Abigail Klein Leichman
April 3, 2023

An aneurysm grew for three years in the brain of a Texas resident named Noreen, eventually numbing her eye and the entire left side of her face.

If this dangerous bulge in the blood vessel burst, it would cause bleeding in the brain.

After two unsuccessful attempts to reach and seal Noreen’s aneurysm through vascular access — without opening her skull — Dr. John Barr contacted Israeli startup Bendit Technologies.

Barr had read about Bendit’s unique steerable microcatheter that enables the surgeon to bend or rotate the tip of the microcatheter as it threads its way along the twists and turns of blood vessels leading to the treatment target in the brain.

Although the device had not yet received approval from the US Food and Drug Administration, the FDA let Barr try it on a compassionate use basis in January 2022 at the University of Texas Southwestern Medical Center.

Within minutes, Barr reached the aneurysm with Bendit’s flexible microcatheter and safely sealed it.

Noreen’s daughter emailed Bendit after the procedure: “I want you all to know how thankful we are for the creation of this device and allowing us to use it.

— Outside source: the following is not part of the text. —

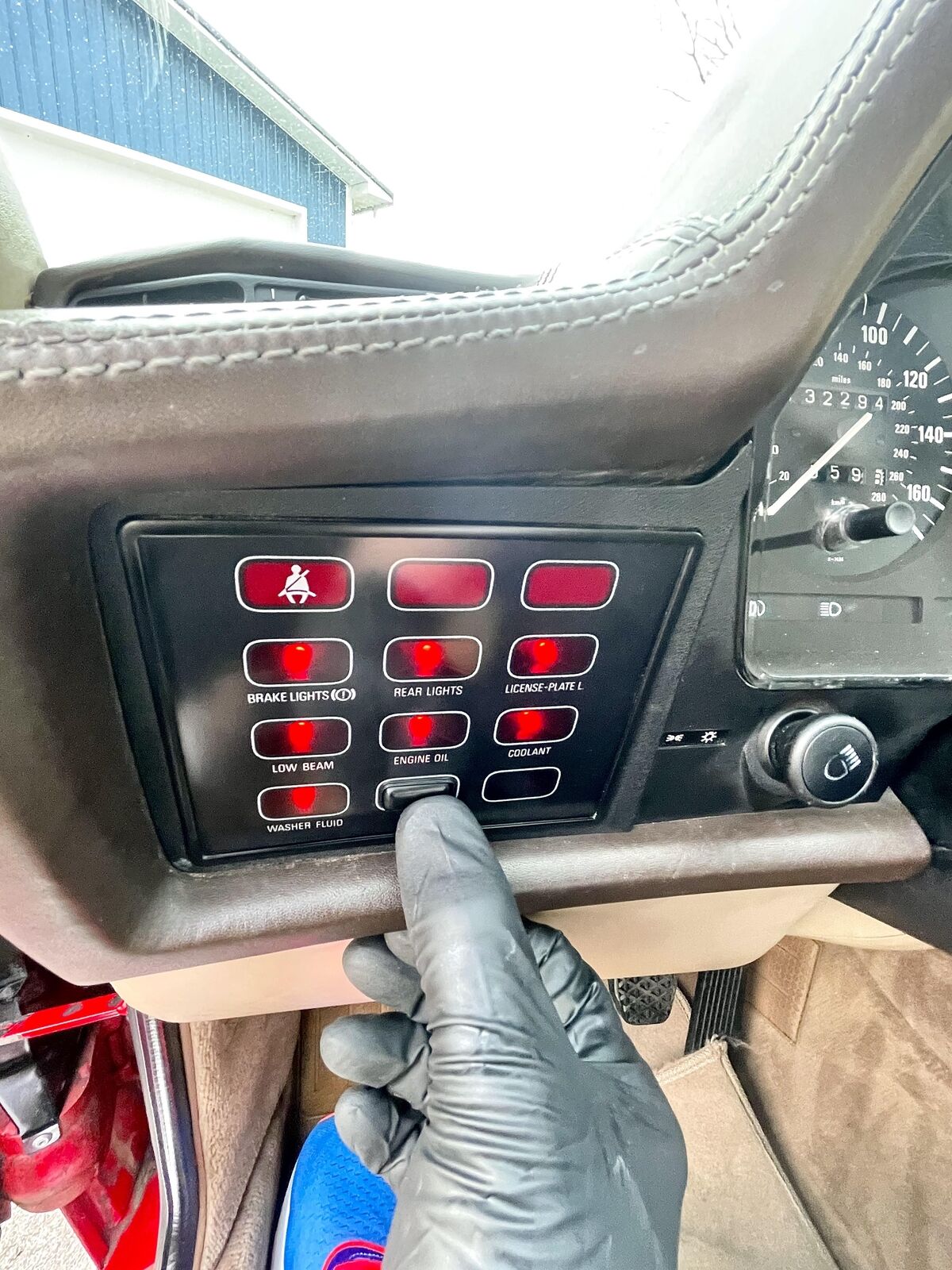 BMW-M6-1987-CERAMIC-COATED-EXCELLENT-5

This means everything to us,” she wrote.

She said her mother had been on disability for six months and was now able to go back to work.

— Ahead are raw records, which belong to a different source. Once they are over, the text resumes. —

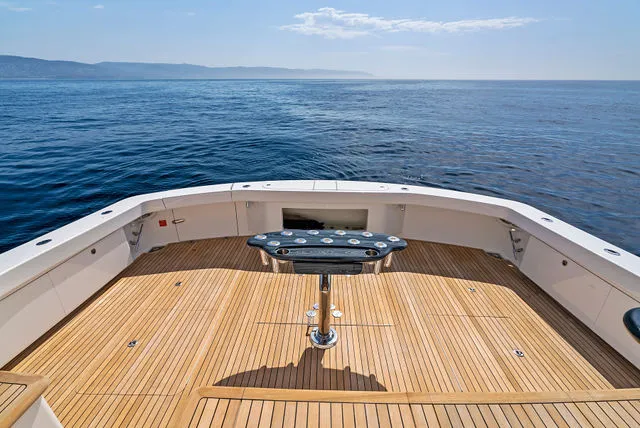 Slide: The Image of Viking 80 Convertible 2019 - 57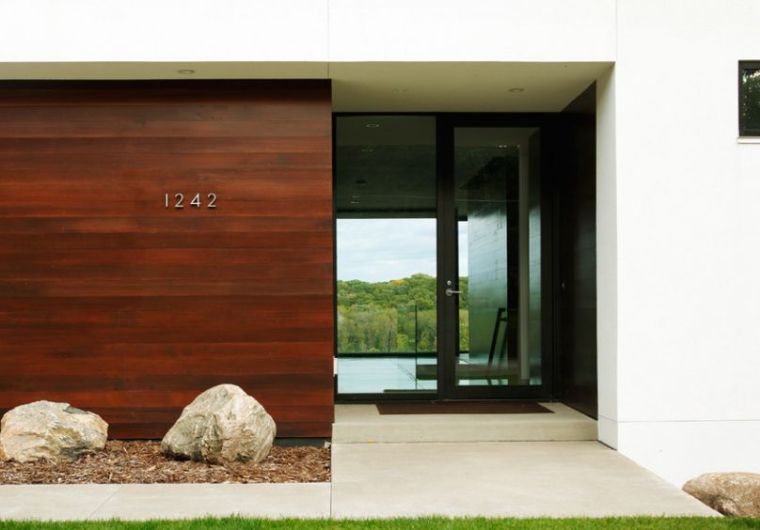 outdoor decoration door entry design house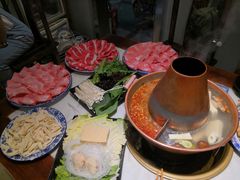 -宣武小院涮肉(前门店)
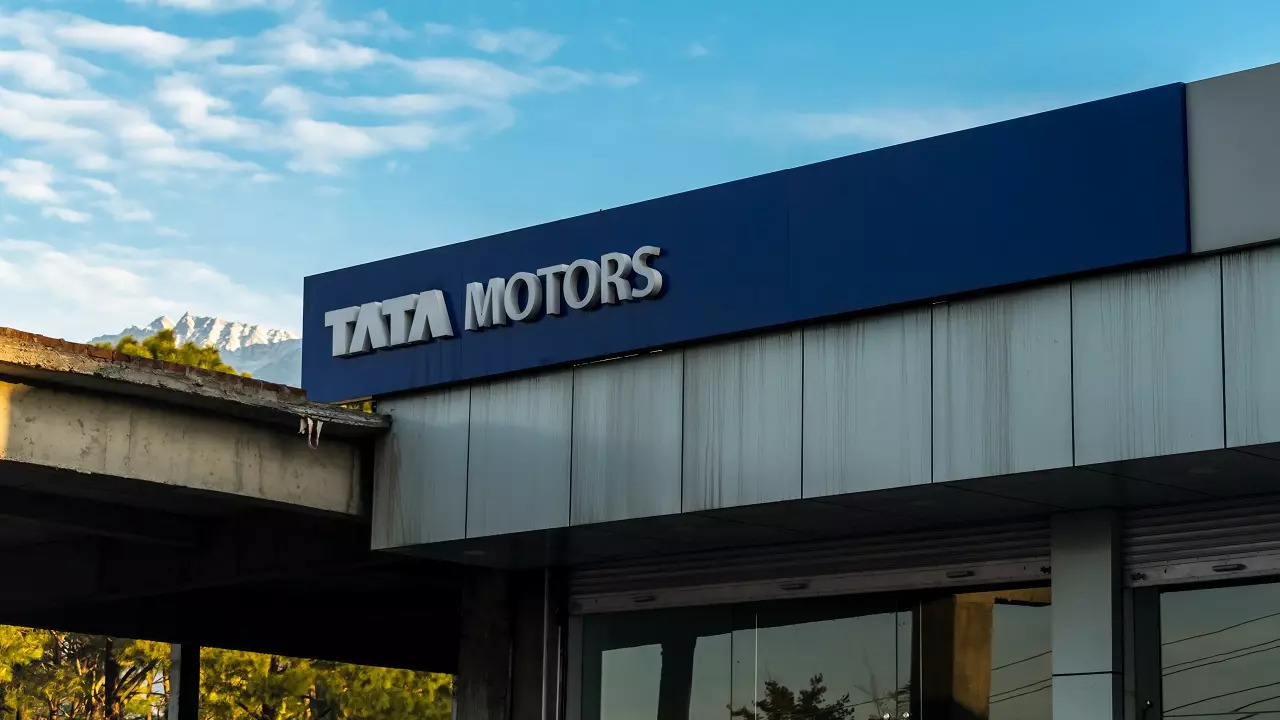 Tata Motors: 5 pc YoY rise in PV sales, total domestic sales up by 1 pc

“I can never express how big of an impact this company has had on our life.”

Stroke is #1 burden on US healthcare

Bendit CEO Yossi Mazel shared that email, with permission, to illustrate why 30 major American medical centers want to buy this vascular navigation device and why more than 30 neuro-interventionalist surgeons have invested their own money toward its commercialization.

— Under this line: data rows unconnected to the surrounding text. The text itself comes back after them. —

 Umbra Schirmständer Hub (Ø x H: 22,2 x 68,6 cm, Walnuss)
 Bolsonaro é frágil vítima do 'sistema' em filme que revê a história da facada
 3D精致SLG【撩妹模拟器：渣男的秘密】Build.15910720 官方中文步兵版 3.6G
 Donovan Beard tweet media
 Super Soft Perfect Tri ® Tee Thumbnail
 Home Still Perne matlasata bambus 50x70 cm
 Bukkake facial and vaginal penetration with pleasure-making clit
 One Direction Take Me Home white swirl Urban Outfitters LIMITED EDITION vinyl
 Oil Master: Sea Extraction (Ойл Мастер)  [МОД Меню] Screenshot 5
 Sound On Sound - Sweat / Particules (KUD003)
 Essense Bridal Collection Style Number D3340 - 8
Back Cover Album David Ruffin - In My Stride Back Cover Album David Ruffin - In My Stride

Mazel explains that the most well-known reason to thread a catheter through arteries from the groin or wrist area is to unblock blood vessels around the heart without open surgery.

But in addition to cardiac catheterization, he says, a fast-growing use of vascular access is to deliver treatment to the brain — either to remove life-threatening clots causing strokes or to seal aneurysms so they won’t burst and cause a cerebral hemorrhage.

The first use case alone is huge, he says. “The No. 1 cost burden on the American health system is stroke survivors, so if by improving vascular access and navigation we can impact that, it’s significant.”

The stroke and aneurysm markets together comprise hundreds of thousands of procedures per year. And the numbers are rising quickly both in the US and China, says Mazel, with the latter country increasingly shifting to an artery-clogging Western diet.

Meeting of the minds

“In vascular access procedures, physicians use guidewires and microcatheters — long, thin tubes that get pushed into the brain. But controlling their tip is very difficult, especially when a blood vessel bifurcates” like a fork in the road, Mazel says.

Oz Cabiri, a mechanical engineer specializing in medical devices, knew that microsurgery can fail when clinicians struggle to steer the microcatheter through the vascular system.

In 2013, Cabiri brought together experts in laser cutting technology and the quality and regulatory field to brainstorm a solution — a microcatheter with a controllable tip that bends and twists to get where it needs to go.

Cabiri is founder and CTO of the 20-person Bendit Technologies in Petah Tikva, which has raised about $20 million from its founders and from Varian Medical Systems, Indaco Venture Partners and private investors in the United States and Israel.

Bendit’s first model received FDA clearance in 2019 for periphery treatments. Subsequent models designed for use in neurology and cardiology followed, and in 2022 the FDA cleared the newest version for US sales. The technology is based on a robust intellectual property portfolio.

Surgeons steer new microtool through blood vessels to treat brain clots
Bendit CEO Yossi Mazel. Photo courtesy of Bendit Technologies

Mazel says Bendit is doing a controlled release at five US hospitals including Southwestern Dallas. Many more prominent hospitals, from the West Coast to the East Coast, have requested the device.

“We want physicians at those five initial hospitals to show more use cases and we want to see that they are reordering the device before we go further,” Mazel says.

Gearing up for when that time comes, Bendit is shifting the manufacturing of the device from Israel to a catheter maker in Miami and is in conversations with several large medical device companies that would potentially acquire the Israeli startup.

“Bendit is an R&D company,” Mazel explains. ““Eventually one of the big multinational companies in the field will likely be interested to add it to their portfolio.”